Worsening climate woes to blame
Insurance industry representatives argue that the increasing frequency and intensity of natural disasters such as hurricanes, wildfires, floods, and windstorms have made premium hikes unavoidable. In recent years, many insurers’ property insurance lines have operated at a loss.
“The private insurance industry is just trying to make sure that it’s getting the right capital on hand so that it can pay the claims and keep the promises,” said Sean Kevelighan, CEO of the Insurance Information Institute.
In response, the Department of Housing and Urban Development (HUD) is considering making additional funds available to local housing authorities to help nonprofits manage rising insurance costs. Acting HUD Secretary Adrianne Todman indicated that the agency is actively exploring solutions in response to growing calls for assistance.
“This is a work in progress as we move forward in the weeks and months to come,” Todman said.
Affordable housing developers are also seeking support from local, state, and federal officials. They have proposed changes to construction codes that would require the use of stronger materials and better building techniques in subsidized housing, which could reduce the overall risk that insurers would need to cover.
Additionally, some have suggested the creation of a federal reinsurance fund for property insurers, though trade groups have expressed skepticism about this approach.
Developers in the affordable housing sector are also calling for guarantees from insurers that employing stronger building methods will lead to lower insurance costs, along with greater transparency on the reasons behind the recent surge in premiums.

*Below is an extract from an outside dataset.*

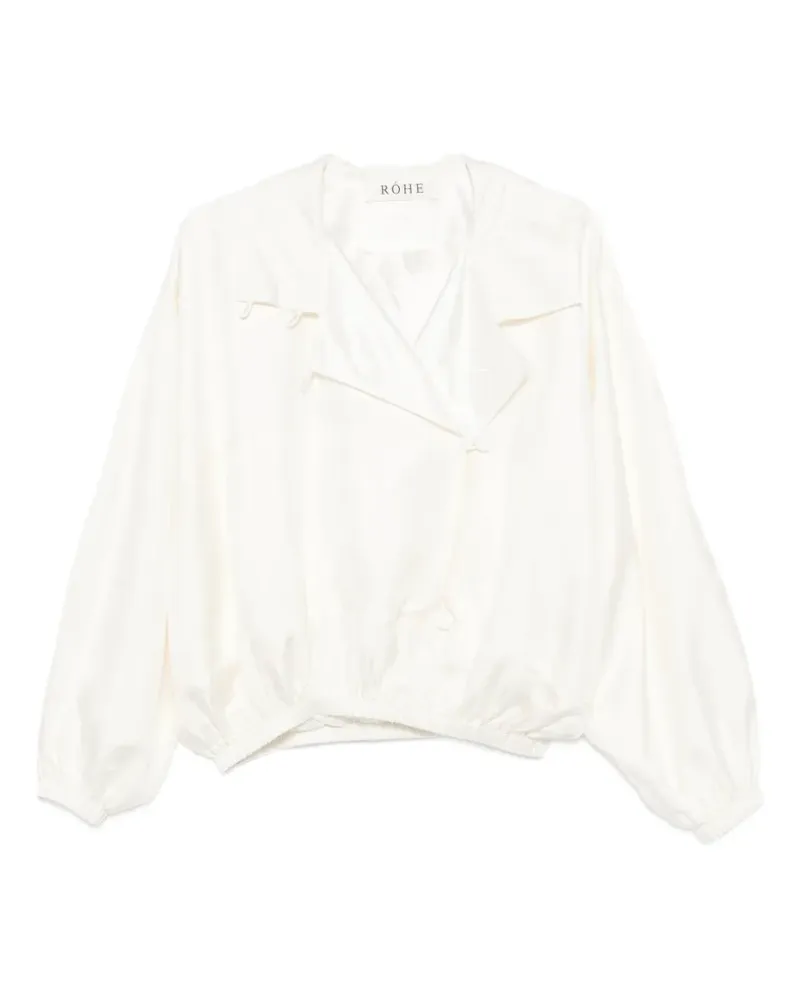 Róhe silk blouson jacket - Nude Nude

Experts warn that losing affordable housing units at this time could exacerbate an already critical housing shortage. The US housing market is estimated to need up to 6 million more affordable units, and losing more of these units to market-rate conversions could worsen the crisis.
“The more affordable housing units we lose to the market-rate sector, that just exacerbates the current affordable housing crisis that we’re facing,” said Lisa Rice, president of the National Fair Housing Alliance.